When the jamon is ready for market, it is put on a machine, and the history of how that particular leg has been aged, including information about the history of temperatures the leg had been placed under, is written on a tag that was attached to the meat when it first arrived at the plant.



All parts are cooked

Albora, a Michelin-starred restaurant in Madrid is one place diners can experience what aging does to the taste of jamon. It serves a tray of three different jamon, produced in different years, to show how flavors differ according to the aging process. In general, jamon aged for a long time has a deep and dark red to black color. Different parts of the leg have slightly different shades of red.

Older jamon tends to be stickier and heavier when chewed, and they often have a stronger aroma.

At La Tasqueria, also in Madrid, diners can try a relatively unique part of a pig. The restaurant fries pig tails and ears to serve as well as the entire pork head for those who want to get every part of the meat available.

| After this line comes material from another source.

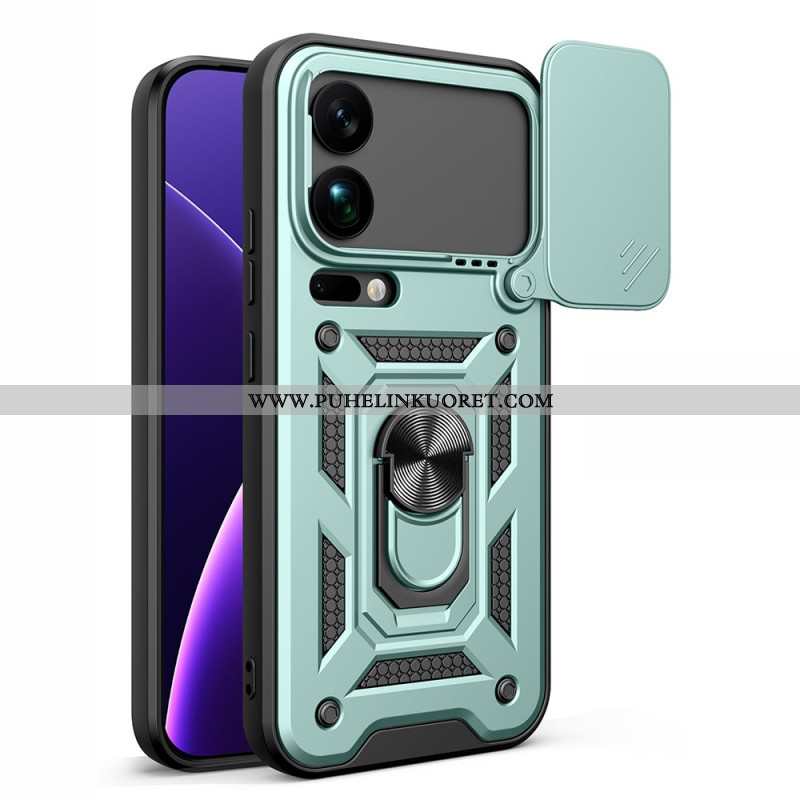 Case Xiaomi 17 Pro Max Puhelinkuoret Liukuva Kameran Suojus Ja Jalusta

As Spain is known for its love for pork, some restaurants specialize in making all of their main dishes with different parts of pork.

Madrid eatery La Porcineria serves a burger made with iberico meat alongside grilled pork steak, which are both popular among pork lovers.

A plate of jamon is often served with cheese as well. It is recommended to keep it out for at least 15 minutes before serving as it is said to taste best at room temperature.